Information shown:
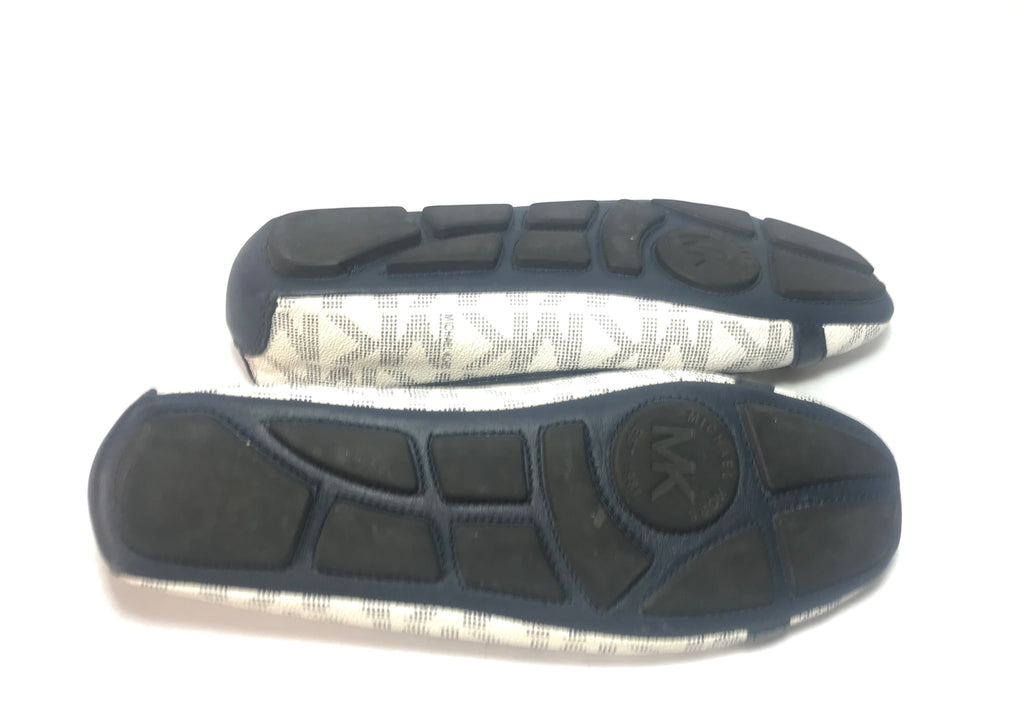 Michael Kors FULTON Signature PVC/ Leather Ballet Flats | Gently Used |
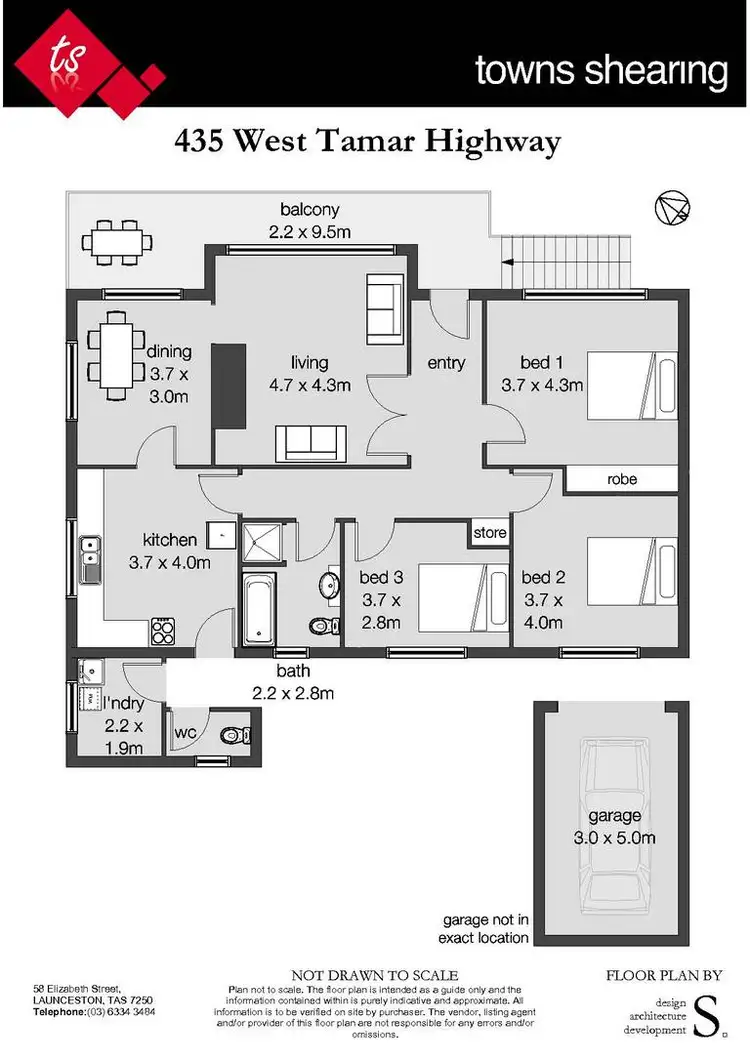 Floorplan of Homely house listing, 435 West Tamar Road, Riverside TAS 7250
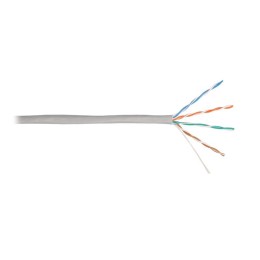 Кабель U/UTP кат.5E (класс D) 4 пары 24 AWG (0.50мм) тест по ISO/IEC 100МГц ОЖ BC чистая медь внутр.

Exercise description:
Set down each line of the material exactly and skip every image.

The completed task:
 Michael Kors FULTON Signature PVC/ Leather Ballet Flats | Gently Used |
 Floorplan of Homely house listing, 435 West Tamar Road, Riverside TAS 7250
 Кабель U/UTP кат.5E (класс D) 4 пары 24 AWG (0.50мм) тест по ISO/IEC 100МГц ОЖ BC чистая медь внутр.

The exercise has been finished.